If the reader recall a passage already quoted from the _Convito_,(247) he will perhaps think with us that the gate of Dante's _Limbo is left ajar even for the ancient philosophers to slip out. The divine judgments are still inscrutable, and the ways of God past finding out, but faith would seem to have led Dante at last to a more merciful solution of his doubt than he had reached when he wrote the _De Monarchia_. It is always humanizing to see how the most rigid creed is made to bend before the kindlier instincts of the heart. The stern Dante thinks none beyond hope save those who are dead in sin, and have made evil their good. But we are by no means sure that he is not right in insisting rather on the implacable severity of the law than on the possible relenting of the judge. Exact justice is commonly more merciful in the long run than pity, for it tends to foster in men those stronger qualities which make them good citizens, an object second only with the Roman-minded Dante to that of making them spiritually regenerate, nay, perhaps even more important as a necessary preliminary to it. The inscription over the gate of hell tells us that the terms on which we receive the trust of life were fixed by the Divine Power (which can what it wills), and are therefore unchangeable; by the Highest Wisdom, and therefore for our truest good; by the Primal Love, and therefore the kindest.
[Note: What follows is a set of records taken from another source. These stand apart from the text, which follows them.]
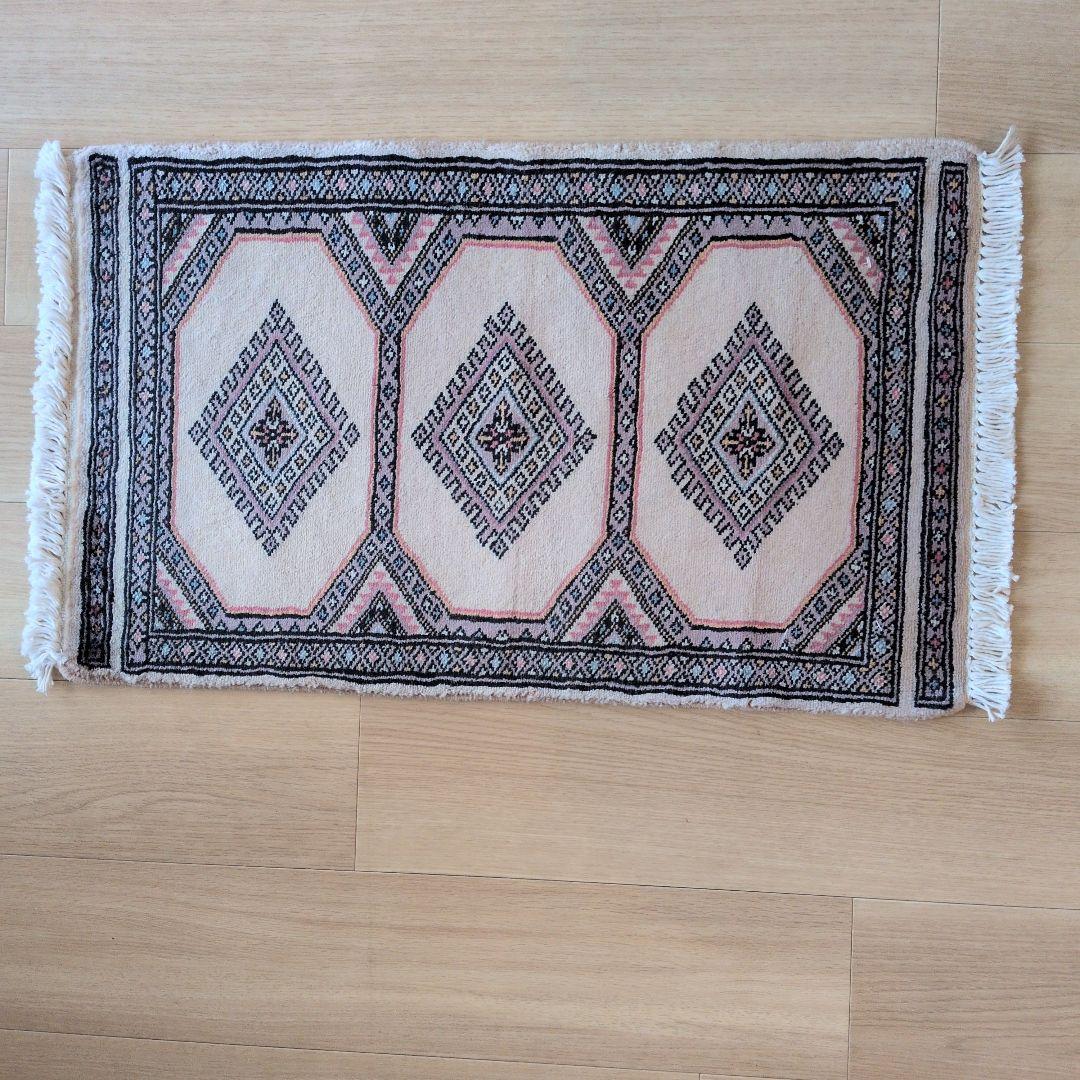 46x75cmパキスタン手織りマット(437)ギャッベ・ペルシャ・じゅうたん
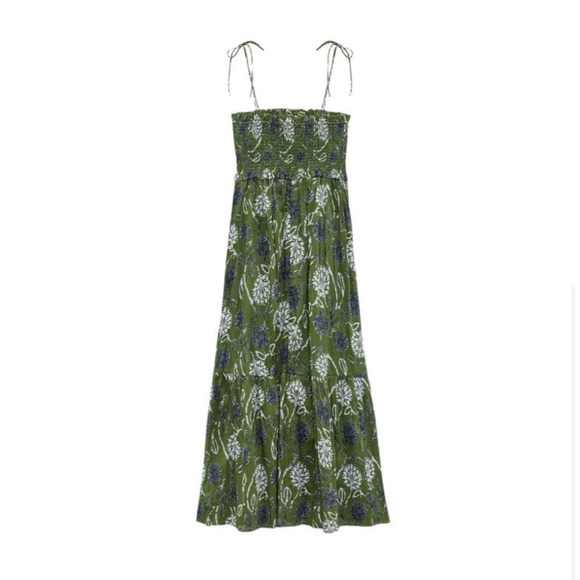 ZARA PRINTED MIDI DRESS GREEN SIZE S | 6895/057 - Picture 3 of 6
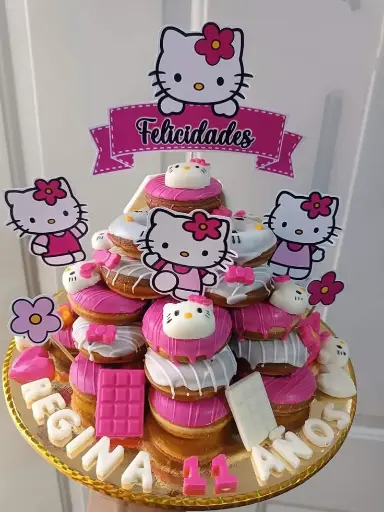 pastel minidonitas
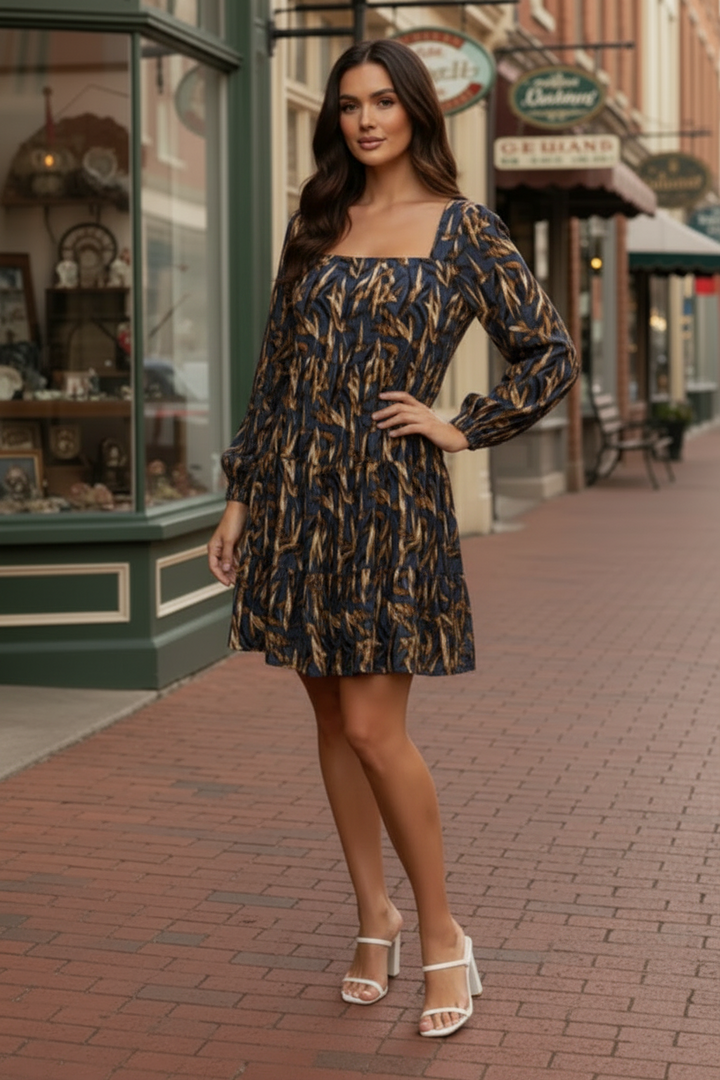 LONG SLEEVE WOVEN PRINT TIERED DRESS WITH SQUARE NECK LINE-SKSY5823.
These are the three attributes of that justice which moved the maker of them. Dante is no harsher than experience, which always exacts the uttermost farthing; no more inexorable than conscience, which never forgives nor forgets. No teaching is truer or more continually needful than that the stains of the soul are ineffaceable, and that though their growth may be arrested, their nature is to spread insidiously till they have brought all to their own color. Evil is a far more cunning and persevering propagandist than Good, for it has no inward strength, and is driven to seek countenance and sympathy. It must have company, for it cannot bear to be alone in the dark, while

"Virtue can see to do what Virtue would
By her own radiant light."

There is one other point which we will dwell on for a moment as bearing on the question of Dante's orthodoxy. His nature was one in which, as in Swedenborg's, a clear practical understanding was continually streamed over by the northern lights of mysticism, through which the familiar stars shine with a softened and more spiritual lustre. Nothing is more interesting than the way in which the two qualities of his mind alternate, and indeed play into each other, tingeing his matter-of-fact sometimes with unexpected glows of fancy, sometimes giving an almost geometrical precision to his most mystical visions. In his letter to Can Grande he says: "It behooves not those to whom it is given to know what is best in us to follow the footprints of the herd; much rather are they bound to oppose its wanderings. For the vigorous in intellect and reason, endowed with a certain divine liberty, are constrained by no customs. Nor is it wonderful, since they are not governed by the laws, but much more govern the laws themselves." It is not impossible that Dante, whose love of knowledge was all-embracing, may have got some hint of the doctrine of the Oriental Sufis. With them the first and lowest of the steps that lead upward to perfection is the Law, a strict observance of which is all that is expected of the ordinary man whose mind is not open to the conception of a higher virtue and holiness. But the Sufi puts himself under the guidance of some holy man (Virgil in the _Inferno_), whose teaching he receives implicitly, and so arrives at the second step, which is the Path (_Purgatorio_) by which he reaches a point where he is freed from all outward ceremonials and observances, and has risen from an outward to a spiritual worship. The third step is Knowledge (_Paradiso_), endowed by which with supernatural insight, he becomes like the angels about the throne, and has but one farther step to take before he reaches the goal and becomes one with God. The analogies of this system with Dante's are obvious and striking. They become still more so when Virgil takes leave of him at the entrance of the Terres trial Paradise with the words:--

"Expect no more a word or sign from me;
Free and upright and sound is thy free-will,
And error were it not to do its bidding;
Thee o'er thyself I therefore crown and mitre,"(248)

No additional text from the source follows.